Terms of Service

    The rules that govern your use of the Emcee marketing site, our client services, and Emcee-owned SaaS products.

    Effective date: May 9, 2026

    1. Acceptance of these terms

    These Terms of Service ("Terms") form a binding agreement between you and Emcee IT Solutions LLC, a Texas limited liability company ("Emcee", "we", "us"). By accessing the Emcee marketing site, engaging us for services, or using any Emcee-owned SaaS product, you agree to these Terms. If you do not agree, do not use the services.

    2. Definitions

    • Marketing Site: the public website at emcee.it and related landing pages.
    • Client Services: custom software development and SaaS development we deliver under contract to client organizations.
    • SaaS Products: software products owned and operated by Emcee.
    • SOW / MSA: a separately signed Statement of Work or Master Services Agreement governing a specific Client Services engagement.
    • Customer Data: data you submit to or generate within an Emcee SaaS Product.

    3. Marketing Site

    3.1 Acceptable use

    You agree not to scrape the site at scale, attempt to bypass security controls, submit false or misleading information through forms, or use the site in any way that could damage, disable, or impair its operation.

    3.2 Site content

    All text, graphics, logos, code, and other content on the Marketing Site are owned by Emcee or its licensors and are protected by intellectual-property laws. You may not copy, redistribute, or create derivative works without prior written consent, except for personal, non-commercial reference.

    4. Client Services

    Client Services are governed primarily by the SOW or MSA signed for that engagement. These Terms fill gaps where the SOW or MSA is silent, and the SOW or MSA controls in the event of a conflict.

    4.1 Scope and change orders

    Each engagement begins with a defined scope. Material changes to scope, timeline, or budget require a written change order signed by both parties.

    4.2 Payment

    • Engagements typically begin with a deposit and proceed on milestone or monthly billing as set out in the SOW.
    • Invoices are due net 15 unless stated otherwise. Late balances accrue interest at 1.5% per month or the maximum permitted by law, whichever is lower.
    • We may suspend work on overdue accounts after written notice.

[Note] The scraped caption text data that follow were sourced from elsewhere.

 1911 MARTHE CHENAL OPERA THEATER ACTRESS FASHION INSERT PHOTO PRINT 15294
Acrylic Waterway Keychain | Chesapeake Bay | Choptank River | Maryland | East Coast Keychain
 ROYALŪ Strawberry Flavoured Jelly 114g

    4.3 Intellectual property

    • Upon full payment of all amounts due for an engagement, ownership of the bespoke deliverables produced specifically for you transfers to you.
    • Emcee retains all rights to its pre-existing tooling, frameworks, internal libraries, methodologies, and general know-how, and grants you a perpetual, royalty-free license to use such pre-existing materials solely as embedded in the deliverables.
    • Open-source components remain governed by their respective licenses.
    • Emcee may reference the engagement and use non-confidential screenshots in its portfolio unless your SOW restricts this.

    4.4 Confidentiality

    Each party will protect the other's confidential information with at least the same degree of care it uses for its own confidential information, and not less than reasonable care, and use it only for purposes of the engagement.

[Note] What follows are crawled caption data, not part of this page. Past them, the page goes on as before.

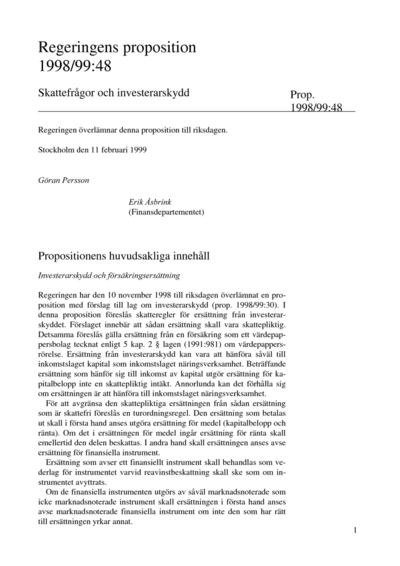 Omslaget till prop. 1998/99:48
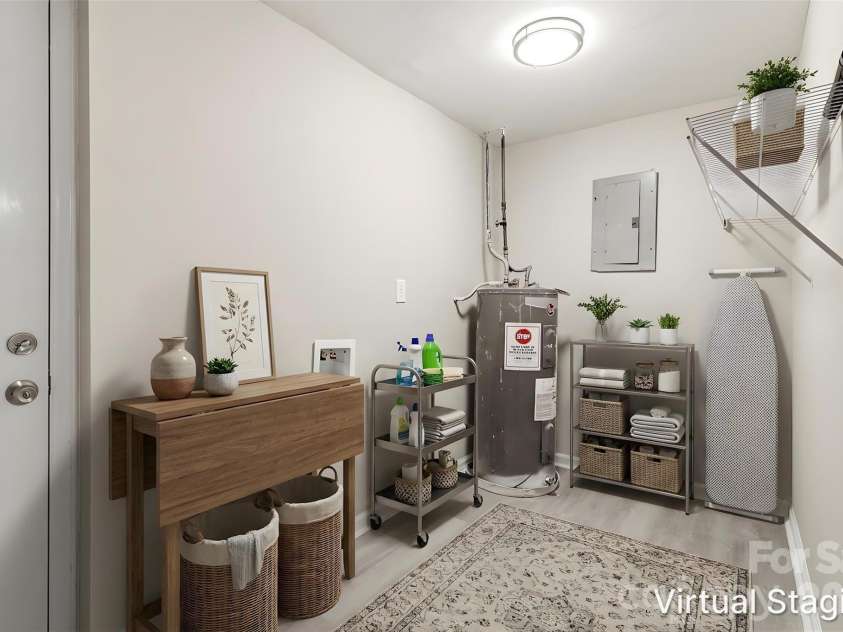 361 Sleepy Hollow Road, Charlotte, NC 28217.  MLS# CAR4400246, YatesRealty ID 35977. Utility/laundry area downstairs (virtually staged & enhanced).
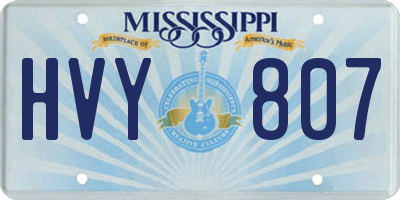 MS license plate HVY807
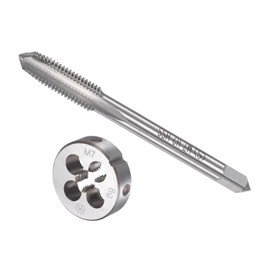 CoCud Tap and Die Set M7 x 1 Thread Metric High Speed Steel Machine Screw Tap Round Die Tool Kit for Threading, Tapping and Fixing 1 Set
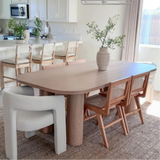 Baguette 86.5" Modern Rectangle Oak Large Dining Table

    4.5 Acceptance and warranty

    Deliverables are deemed accepted if you do not raise written objections within 10 business days of delivery. We warrant that services will be performed in a professional and workmanlike manner and that deliverables will materially conform to the agreed specifications for 30 days after acceptance. Your sole remedy for breach of this warranty is for us to re-perform the affected work.

    EXCEPT AS EXPRESSLY STATED, CLIENT SERVICES ARE PROVIDED "AS IS" AND EMCEE DISCLAIMS ALL IMPLIED WARRANTIES INCLUDING MERCHANTABILITY, FITNESS FOR A PARTICULAR PURPOSE, AND NON-INFRINGEMENT.

    5. Emcee SaaS Products

    5.1 Accounts

    You are responsible for maintaining the confidentiality of your account credentials and for all activity that occurs under your account. Notify us immediately of any unauthorized use.

    5.2 Subscription, billing, and refunds

    • Subscription fees, billing frequency, and trial terms are presented at sign-up and on each product's pricing page.
    • Subscriptions auto-renew at the end of each billing period unless cancelled before renewal.
    • Fees are non-refundable except where required by law or expressly stated in a product-specific refund policy.
    • We may change pricing with at least 30 days' notice; price changes apply to renewals after the notice period.

    5.3 Acceptable use

    You agree not to use any SaaS Product to:

    • Violate law or third-party rights.
    • Send spam or unsolicited communications.
    • Upload malware or attempt to compromise the service or other users.
    • Reverse-engineer, resell, or sublicense the service except as expressly permitted.
    • Use the service to build a directly competing product.

    5.4 Customer Data

    As between you and Emcee, you own all Customer Data. You grant Emcee a worldwide, non-exclusive license to host, copy, transmit, and display Customer Data solely as needed to provide and improve the service, prevent abuse, and comply with law. You are responsible for the legality of Customer Data and for obtaining required consents.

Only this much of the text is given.